Dan Imhoff is the author of Food Fight: The Citizen’s Guide to the Farm Bill, a book about the outcome of the 2008 Farm Bill and what we can do to effect change despite business as usual in Washington. He will be taking part in Slow Food Nation’s Food for Thought panel series, and is co-author of the Vision Statement for Agriculture and Food Policy for the 21st Century, being presented at SFN August 28th.
I spoke with Dan recently and asked him some questions about his work and his upcoming participation in Slow Food Nation. This is Part I of the interview. Part II will be posted tomorrow.
Paula: Congress just recently passed a five-year Farm Bill, why is it such an important piece of legislation?
Dan: The Farm Bill determines what crops we grow, where we grow them, under what conditions, how cheap different types of foods are in the marketplace, how well we take care of our land and waterways and wild habitats, and it ultimately determines our health and our nutrition.

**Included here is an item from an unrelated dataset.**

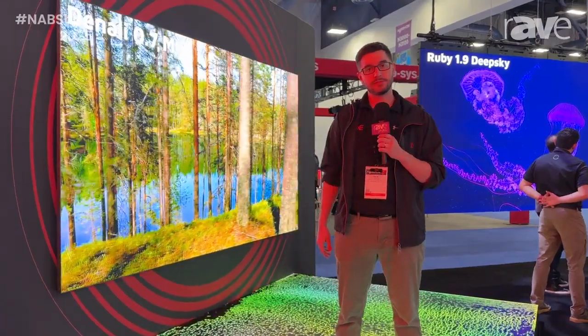For more information, please reach out to us at www.roevisual.com.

Paula: What was the original purpose of the Farm Bill, and did that original version of the Farm Bill work?
Dan: It started out of desperation. Our soil was blowing away, literally, and we were also witnessing, I think, the end of the agrarian era in American history and we were massively moving towards cities and an industrialized economy. Then we had the Depression, and there were lots and lots of people out of work and hungry. The farmer had only one way to try to get ahead in this new economy and that was to plant as much as possible, but the irony was that the more that they planted, the less it was worth. And ultimately they planted so much, so radically, in places that have never been plowed, that they created the Dust Bowl. The early programs were designed to try to compensate farmers fairly to give parity, and they tried to peg the value of any given commodity, whether it was peanuts, cotton or rice, with a real value in an urban environment. And for decades, the rural versus urban parity was just way out of whack. So they tried to set some price floors, and give a fair price so that the farmer could actually get his or her money back. A lot of these programs were loan based, and if you couldn’t pay back your loan at the end of the season because the price was too low, you just gave your crop as payment, and so the government got into the grain storage and distribution business. This goes all the way back to Confucian times, and Biblical and Egyptian practices.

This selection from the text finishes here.